I found the book extremely enlightening in terms of broadening my awareness of what ‘enquiry’ is or could be. I now recognise that there is far more to science enquiry than ‘fair testing’ and children in the top end of primary and lower end of secondary could experience a much richer curriculum that involves ‘hands-on-with-minds-on’.
I had not previously considered enquiry as ‘researching’ and now appreciate how this aspect of science could very easily come out of the timetable allocated for English without loss of credibility to either subject.
This book will help address any issues relating to teachers lacking confidence, understanding scientific enquiry or wanting explicit ideas on how to develop a broader range of experiences for children. It takes a sociocultural approach to teaching and learning and builds on the work of Dewey, Piaget and Vygotsky – where getting learners to discuss their ideas, explore and challenge each other’s understanding is essential to improving understanding of the big science ideas and developing the necessary process skills.
The book clearly sets out each section and gives detailed explanations on how to use it. It gives an example of five types of enquiry, which is the very least that children should be experiencing during the year. Each lesson idea illustrates some ‘typical’ pupil approaches and useful strategies to help the teacher understand and use the ideas.

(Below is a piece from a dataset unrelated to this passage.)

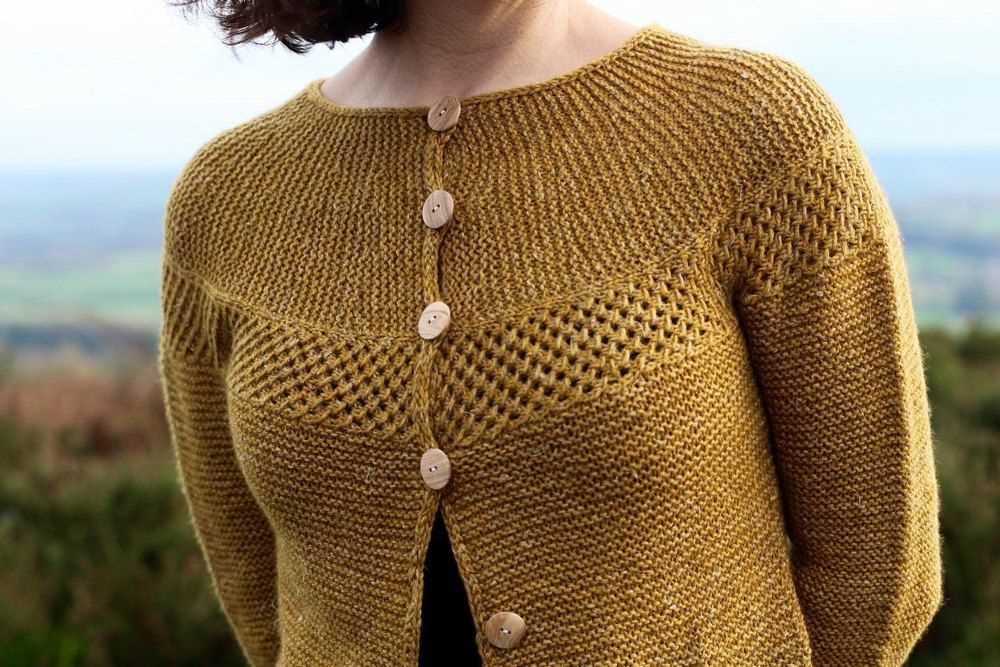 Yoke knitting patterns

The role of teacher questioning is also explained with examples of higher order thinking questions, which can be used as a model.
6. Could you share a quote from the book that particularly resonated with you?
“A period of exploration is a really valuable lead in to more systematic enquiry.”
7. Please add any additional comments.
The cost of this book is around £25 - £30 depending where you purchase it from. A science coordinator could also do one of the lesson ideas as a staff meeting CPD to introduce colleagues to the book.